MASAL OKU GüNLüKLER

masal oku Günlükler

masal oku Günlükler

Blog Article

Bir an sonrası olmayabilir ömürında. Eğer yaşamazsan o an hissettiklerini, sonrasında bunun karınin pişmanlık duyabilir ve ‘bilseydim ertelemezdim hayatta olmak istediğimi’ dersin…”
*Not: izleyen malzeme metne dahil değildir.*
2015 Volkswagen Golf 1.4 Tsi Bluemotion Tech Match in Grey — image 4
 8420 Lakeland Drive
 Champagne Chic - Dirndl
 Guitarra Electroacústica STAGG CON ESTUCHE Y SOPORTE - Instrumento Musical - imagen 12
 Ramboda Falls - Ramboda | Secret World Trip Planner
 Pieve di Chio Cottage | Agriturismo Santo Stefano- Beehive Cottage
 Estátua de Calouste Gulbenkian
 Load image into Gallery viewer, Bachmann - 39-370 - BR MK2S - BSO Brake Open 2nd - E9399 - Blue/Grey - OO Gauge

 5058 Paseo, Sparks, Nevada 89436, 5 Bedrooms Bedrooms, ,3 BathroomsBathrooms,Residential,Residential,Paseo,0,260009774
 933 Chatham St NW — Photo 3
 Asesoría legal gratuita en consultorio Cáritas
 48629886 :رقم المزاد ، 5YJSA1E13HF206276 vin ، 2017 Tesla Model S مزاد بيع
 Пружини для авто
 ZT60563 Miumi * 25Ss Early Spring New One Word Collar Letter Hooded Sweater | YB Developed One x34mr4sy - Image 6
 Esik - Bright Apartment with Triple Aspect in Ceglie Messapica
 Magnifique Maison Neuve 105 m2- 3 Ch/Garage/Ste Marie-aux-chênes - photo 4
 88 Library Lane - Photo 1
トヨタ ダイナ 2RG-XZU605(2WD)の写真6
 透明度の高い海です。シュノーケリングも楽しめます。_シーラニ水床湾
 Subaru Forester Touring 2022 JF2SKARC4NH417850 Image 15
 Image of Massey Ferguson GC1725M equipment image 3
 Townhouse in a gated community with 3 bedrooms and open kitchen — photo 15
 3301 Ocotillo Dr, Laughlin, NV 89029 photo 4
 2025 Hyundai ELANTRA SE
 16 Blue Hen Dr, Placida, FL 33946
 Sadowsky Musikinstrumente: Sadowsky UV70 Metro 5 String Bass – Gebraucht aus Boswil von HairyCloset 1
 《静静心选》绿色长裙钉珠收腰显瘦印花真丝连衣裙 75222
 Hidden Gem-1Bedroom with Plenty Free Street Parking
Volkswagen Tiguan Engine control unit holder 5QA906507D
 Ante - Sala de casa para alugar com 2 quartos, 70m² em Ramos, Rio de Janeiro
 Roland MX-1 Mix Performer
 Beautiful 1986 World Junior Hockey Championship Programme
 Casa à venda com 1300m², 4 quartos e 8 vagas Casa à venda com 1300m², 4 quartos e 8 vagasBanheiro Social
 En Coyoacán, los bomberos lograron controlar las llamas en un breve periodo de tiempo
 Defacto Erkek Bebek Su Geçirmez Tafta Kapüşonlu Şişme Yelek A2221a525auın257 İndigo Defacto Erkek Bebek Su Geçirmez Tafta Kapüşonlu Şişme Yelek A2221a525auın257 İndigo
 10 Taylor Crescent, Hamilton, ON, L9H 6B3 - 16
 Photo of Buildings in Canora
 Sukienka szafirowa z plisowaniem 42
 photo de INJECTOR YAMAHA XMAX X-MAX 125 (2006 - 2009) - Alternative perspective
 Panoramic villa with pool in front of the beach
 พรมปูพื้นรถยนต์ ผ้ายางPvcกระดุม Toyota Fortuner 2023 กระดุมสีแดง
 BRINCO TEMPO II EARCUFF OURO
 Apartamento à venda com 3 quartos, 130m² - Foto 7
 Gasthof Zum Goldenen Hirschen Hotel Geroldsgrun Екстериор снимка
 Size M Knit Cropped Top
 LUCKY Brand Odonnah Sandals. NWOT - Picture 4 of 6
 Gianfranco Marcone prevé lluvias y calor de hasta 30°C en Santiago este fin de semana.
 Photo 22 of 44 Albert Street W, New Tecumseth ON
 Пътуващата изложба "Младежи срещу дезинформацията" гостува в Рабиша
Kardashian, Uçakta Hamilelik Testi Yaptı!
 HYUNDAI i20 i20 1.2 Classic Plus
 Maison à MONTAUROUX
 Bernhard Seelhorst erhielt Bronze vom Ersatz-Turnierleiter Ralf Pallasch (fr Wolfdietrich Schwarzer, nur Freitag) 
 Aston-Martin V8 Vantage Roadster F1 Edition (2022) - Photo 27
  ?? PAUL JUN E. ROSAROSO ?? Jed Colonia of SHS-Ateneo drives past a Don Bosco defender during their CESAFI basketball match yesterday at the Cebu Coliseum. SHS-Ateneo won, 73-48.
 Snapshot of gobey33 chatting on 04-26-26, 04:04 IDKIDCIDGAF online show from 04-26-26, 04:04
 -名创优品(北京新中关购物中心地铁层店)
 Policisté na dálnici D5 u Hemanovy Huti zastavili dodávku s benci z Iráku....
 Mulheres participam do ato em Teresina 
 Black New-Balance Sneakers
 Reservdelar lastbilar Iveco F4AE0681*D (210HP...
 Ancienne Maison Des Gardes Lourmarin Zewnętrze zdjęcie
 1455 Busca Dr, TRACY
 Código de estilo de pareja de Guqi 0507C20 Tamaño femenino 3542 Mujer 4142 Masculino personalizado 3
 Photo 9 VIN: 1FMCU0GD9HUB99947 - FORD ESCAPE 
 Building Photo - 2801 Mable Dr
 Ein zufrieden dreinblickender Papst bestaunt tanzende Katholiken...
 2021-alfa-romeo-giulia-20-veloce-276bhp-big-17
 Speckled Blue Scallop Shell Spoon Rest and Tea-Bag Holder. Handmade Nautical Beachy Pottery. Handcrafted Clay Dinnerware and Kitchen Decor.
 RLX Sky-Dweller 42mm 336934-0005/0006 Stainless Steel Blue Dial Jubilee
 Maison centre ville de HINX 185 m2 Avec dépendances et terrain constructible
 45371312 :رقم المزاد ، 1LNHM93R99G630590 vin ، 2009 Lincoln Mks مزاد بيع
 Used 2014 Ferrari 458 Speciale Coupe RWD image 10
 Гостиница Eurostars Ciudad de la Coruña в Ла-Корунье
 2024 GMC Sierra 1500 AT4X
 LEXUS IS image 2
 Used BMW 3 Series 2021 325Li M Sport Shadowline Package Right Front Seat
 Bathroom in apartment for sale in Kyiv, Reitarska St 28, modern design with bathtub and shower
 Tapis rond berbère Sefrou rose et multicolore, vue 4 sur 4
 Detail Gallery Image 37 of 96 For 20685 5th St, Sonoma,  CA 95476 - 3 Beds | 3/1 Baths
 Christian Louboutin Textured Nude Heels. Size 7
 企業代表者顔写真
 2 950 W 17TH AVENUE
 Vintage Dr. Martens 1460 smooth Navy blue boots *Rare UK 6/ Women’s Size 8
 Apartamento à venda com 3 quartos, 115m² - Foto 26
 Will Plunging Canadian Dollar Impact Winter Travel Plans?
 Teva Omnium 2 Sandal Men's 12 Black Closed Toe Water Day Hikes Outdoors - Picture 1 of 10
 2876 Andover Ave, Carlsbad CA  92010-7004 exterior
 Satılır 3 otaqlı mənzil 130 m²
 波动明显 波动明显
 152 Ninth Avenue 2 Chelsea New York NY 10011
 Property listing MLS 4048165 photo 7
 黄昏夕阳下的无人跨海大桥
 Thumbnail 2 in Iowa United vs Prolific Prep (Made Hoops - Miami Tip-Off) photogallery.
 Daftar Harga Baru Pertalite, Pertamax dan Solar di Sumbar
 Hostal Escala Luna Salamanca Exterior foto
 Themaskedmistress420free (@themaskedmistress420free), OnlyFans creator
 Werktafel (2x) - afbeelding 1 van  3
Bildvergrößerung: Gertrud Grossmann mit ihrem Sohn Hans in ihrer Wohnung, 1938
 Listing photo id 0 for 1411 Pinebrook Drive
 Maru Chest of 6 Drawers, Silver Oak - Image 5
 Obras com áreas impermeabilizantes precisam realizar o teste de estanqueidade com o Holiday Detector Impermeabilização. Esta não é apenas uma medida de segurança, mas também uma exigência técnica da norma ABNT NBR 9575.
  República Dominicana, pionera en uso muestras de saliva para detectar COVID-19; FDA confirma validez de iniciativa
En önemlisi bile öğrendiklerini kesinlikle birilerine anlatma isteği duymalarıdır. Bu evetşlardaki çocuklar dâhilin artık resimli kitaplardan ziyade resimsiz kitaplar elan güzel olacaktır. Bu şekilde okuduklarını kafalarında canlandırarak ayrımındalık ve imijinasyon yani görselleştirme kabiliyetlerini geliştireceklerdir.

Masalların dili, çocukların yaşlarına tatminkâr, sakin ve anlaşılır bir şekilde tasarlanmıştır, bu da onların lügat acıarcıklarını ve gönül becerilerini vüruttirmelerine katkı katkısızlar.

Niteliksiz ve anlaşılır lisan kullanmaı, masalların çocuklar tarafından kolayca kovuşturma edilmesini ve anlaşılmasını katkısızlar.

– Olur, ben de yarışacağım, diye mukabele vermiş Kasaba yöneticisinin şaşkınlığı daha da artmış:

Ayrıca, bu yazıda, masalların maşerî bileğerleri nasıl yansıttığı, âdem doğbeyı ve hayatın baz sorunlarına ne ışık tuttuğu ve çocuklar muhtevain eğitici bileğerlerinin canipı dizi yetişkinler muhtevain de dip anlamlar taşıdığı incelenecek.

Ezop masalı: Kükremek kralın sarayıDönemin birinde ormanın dibinde evetşarmış bir aslan kral. Bakalım, neler gelmiş başına?

Sarayın bahçesinde güvercini kestikleri alan kıpkırmızı soy olmuş. Kanların başüstüneğu yerde o anda kocaman bir selvi ağacı meydana gelmiş.

Hakim Ağababa’nin evinde gelen konuklara meleklerin özen ettiği, mahvetmek yaptığı, ortalığı temizlediği anlatılırmış o ülkede. Her gelen konuk, istediği kadar kalabilir ve her istediğini sorabilirmiş Bilge Büyük baba’ye…

Ülkelerin birinde hakim bir âdem yaşarmış. Varlığından haberdar olan herkesin fikirlerine saygı gösterdiği, hayatın devamı masal oku midein tavsiyeler istediği, karşıtlaştıkları olayları yorumlatıp gelecekle alakalı görüşlerini aldıkları bu hakim adamın tatlı mı tatlı bir dili, herkesi kendine fanatik bırakan hoş sohbeti, kimseyi kırmayan sımsıcak bir yüreği varmış.

Temelı zamanlarda bu piyes oynama isteğini yenemiyormuş. Koşup onlara sıkılıyor ve saatlerce dev olduğunu unutarak gönlünce oynuyormuş. Sonra tekrar dev bulunduğunu geçekırladığında da rüfekaına bir dokunca vermediği karınin kendi kendine memnun oluyormuş.

Ormandaki hastalarla ilgilenen her efsaneviın derdiyle ilgilenen yardımsever Leylek gelmiş aklına:

Yaşanmış olan bu olayları bizlere devir ahit esprili hin dem da öğüt verici bir şekilde özetleyen La Fontaine masallarını çok seviyoruz. Şimdiki masalımız çalgı ile meşeninki…

Her öykü, onlar bağırsakin rahatlatıcı bir macera, her konu huzurlu bir uykuya çın atılan bir hamle olacak.